**What to do**
Below are records with pictures; copy word for word only the lines between the line with "Surfer Socken (Links - Außen)" and the line with "Neat vintage car", inclusive, and drop the pictures.

**Supplied data**
##########
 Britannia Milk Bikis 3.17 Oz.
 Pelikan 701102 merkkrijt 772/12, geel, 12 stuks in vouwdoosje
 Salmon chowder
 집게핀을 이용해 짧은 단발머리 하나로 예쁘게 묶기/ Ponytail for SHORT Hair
##########
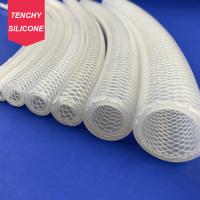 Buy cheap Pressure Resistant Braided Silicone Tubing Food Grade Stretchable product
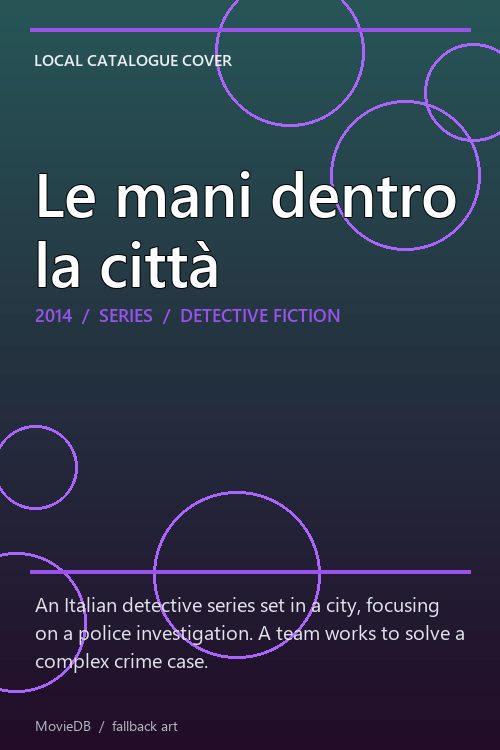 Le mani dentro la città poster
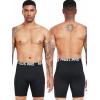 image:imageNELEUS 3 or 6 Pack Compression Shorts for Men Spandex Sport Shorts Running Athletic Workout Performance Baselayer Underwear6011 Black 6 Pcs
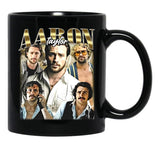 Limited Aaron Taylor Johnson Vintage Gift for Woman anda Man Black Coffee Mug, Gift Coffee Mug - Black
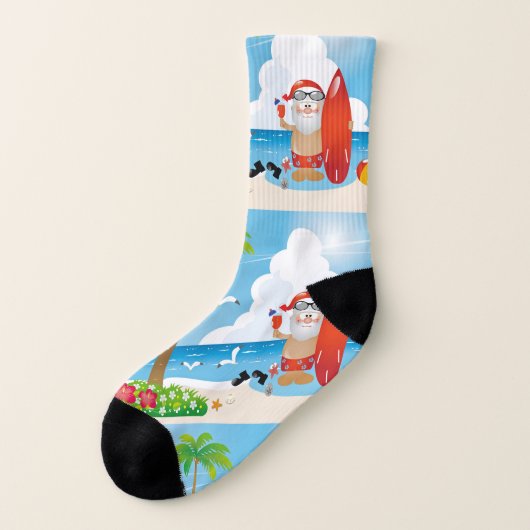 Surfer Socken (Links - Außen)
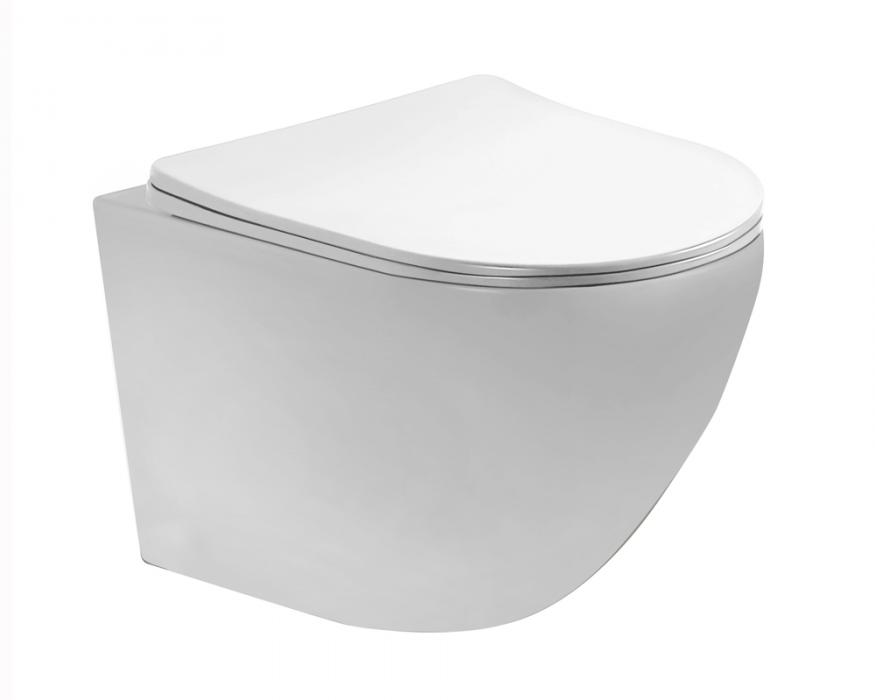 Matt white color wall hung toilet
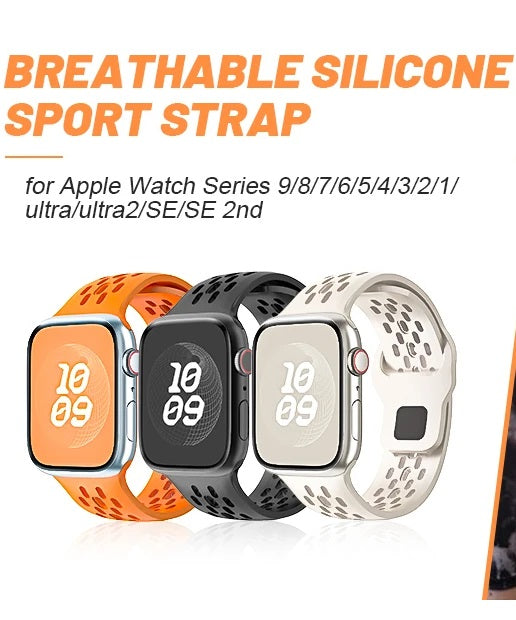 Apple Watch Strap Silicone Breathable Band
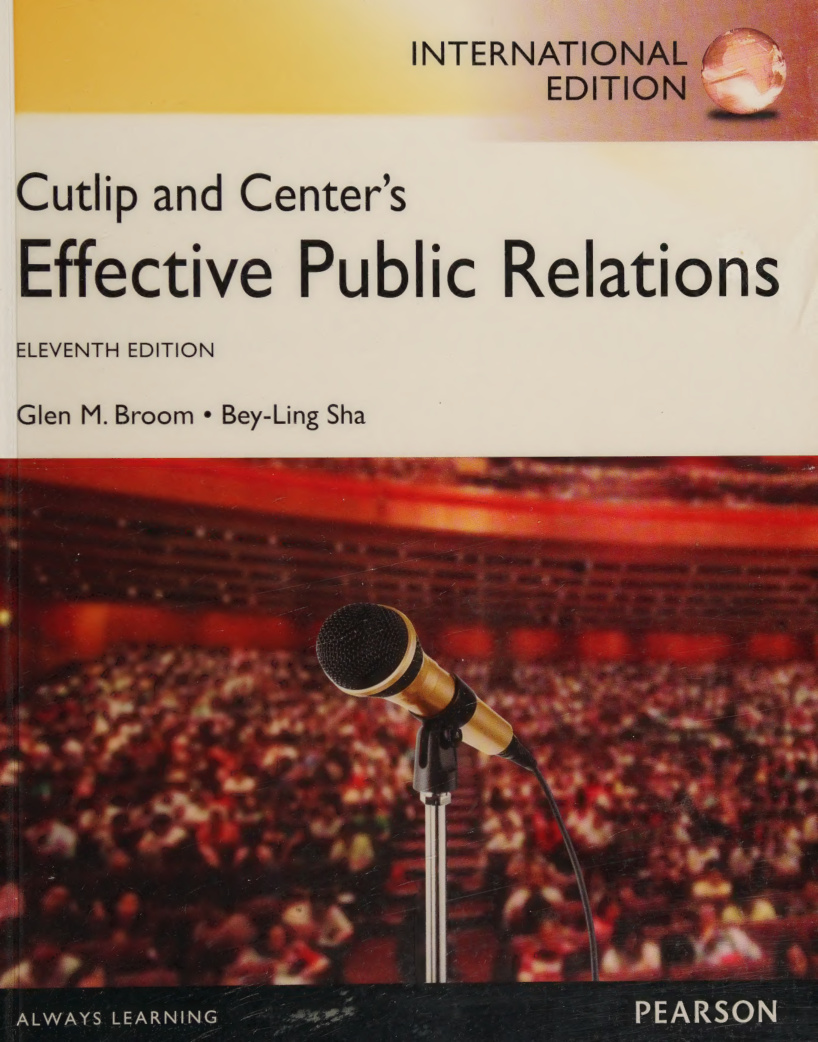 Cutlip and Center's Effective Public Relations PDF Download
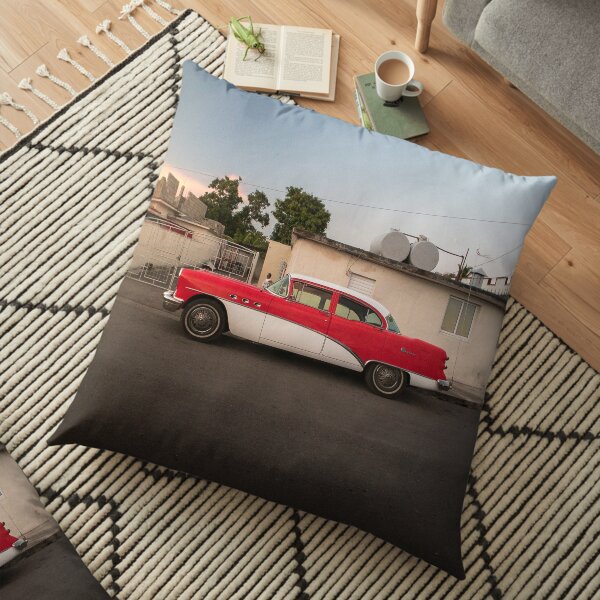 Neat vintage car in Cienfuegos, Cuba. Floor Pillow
##########
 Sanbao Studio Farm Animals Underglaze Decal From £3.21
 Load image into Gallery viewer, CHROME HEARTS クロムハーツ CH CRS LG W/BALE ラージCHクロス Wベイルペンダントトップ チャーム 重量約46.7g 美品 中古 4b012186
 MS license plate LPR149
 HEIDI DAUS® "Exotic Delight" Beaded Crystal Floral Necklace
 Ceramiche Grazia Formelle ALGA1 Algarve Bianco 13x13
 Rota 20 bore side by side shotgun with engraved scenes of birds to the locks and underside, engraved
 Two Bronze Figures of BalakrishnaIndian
##########
**Result**
 Surfer Socken (Links - Außen)
 Matt white color wall hung toilet
 Apple Watch Strap Silicone Breathable Band
 Cutlip and Center's Effective Public Relations PDF Download
 Neat vintage car in Cienfuegos, Cuba. Floor Pillow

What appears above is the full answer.